A masterpiece, a dazzling social satire, and a milestone in twentieth-century literature, "The Great Gatsby" peels away the layers of the glamorous twenties to display the coldness and cruelty at its heart. Everybody who is anybody is seen at the glittering parties held in Gatsby's mansion in West Egg, east of New York. The riotous throng congregates in his sumptuous garden, coolly debating Gatsby's origins and mysterious past. None of the frivolous socialites understand him and among various onlookers, Gatsby is oblivious to the speculation he creates, but seems always to be watching and waiting, though no one knows what for. But as the tragic story unfolds, Gatsby's destructive dreams and passions are revealed.
In 1922, F. Scott Fitzgerald announced his decision to write "something
new--something extraordinary and beautiful and simple + intricately patterned." That extraordinary, beautiful, intricately patterned, and above all, simple novel became
The Great Gatsby, arguably Fitzgerald's finest work and certainly the book for which he is best known. A portrait of the Jazz Age in all of its decadence and excess,
Gatsby captured the spirit of the author's generation and earned itself a permanent place in American mythology. Self-made, self-invented millionaire Jay Gatsby embodies some of Fitzgerald's--and his country's--most abiding obsessions: money, ambition, greed, and the promise of new beginnings. "Gatsby believed in the green light, the orgiastic future that year by year recedes before us. It eluded us then, but that's no matter--tomorrow we will run faster, stretch out our arms farther.... And one fine morning--" Gatsby's rise to glory and eventual fall from grace becomes a kind of cautionary tale about the American Dream.
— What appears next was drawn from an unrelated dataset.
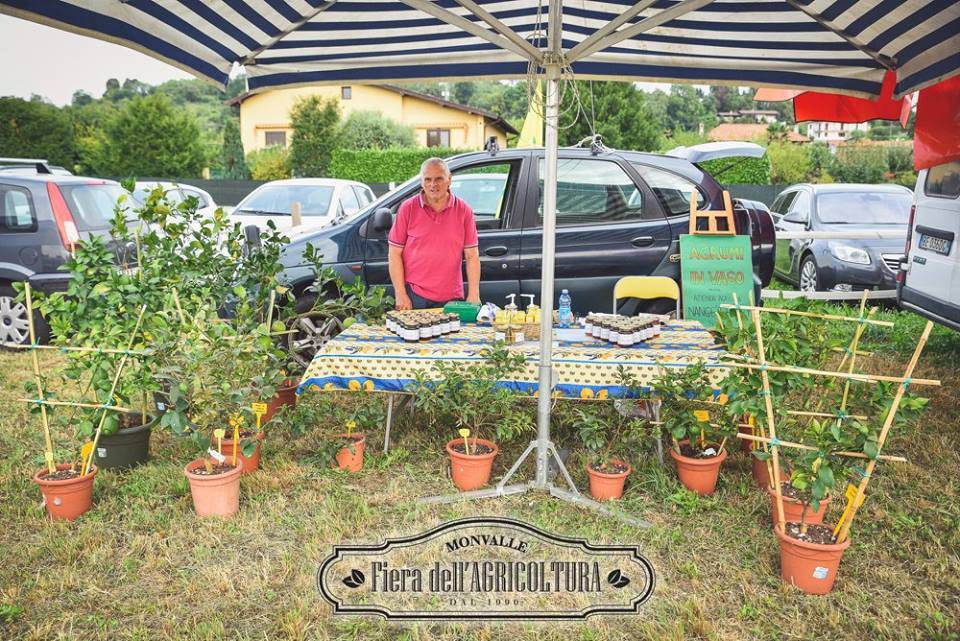 fiera degli agricoltori monvalle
It's also a love story, of sorts, the narrative of Gatsby's quixotic passion for Daisy Buchanan. The pair meet five years before the novel begins, when Daisy is a legendary young Louisville beauty and Gatsby an impoverished officer. They fall in love, but while Gatsby serves overseas, Daisy marries the brutal, bullying, but extremely rich Tom Buchanan. After the war, Gatsby devotes himself blindly to the pursuit of wealth by whatever means--and to the pursuit of Daisy, which amounts to the same thing. "Her voice is full of money," Gatsby says admiringly, in one of the novel's more famous descriptions. His millions made, Gatsby buys a mansion across Long Island Sound from Daisy's patrician East Egg address, throws lavish parties, and waits for her to appear. When she does, events unfold with all the tragic inevitability of a Greek drama, with detached, cynical neighbor Nick Carraway acting as chorus throughout. Spare, elegantly plotted, and written in crystalline prose, The Great Gatsby is as perfectly satisfying as the best kind of poem.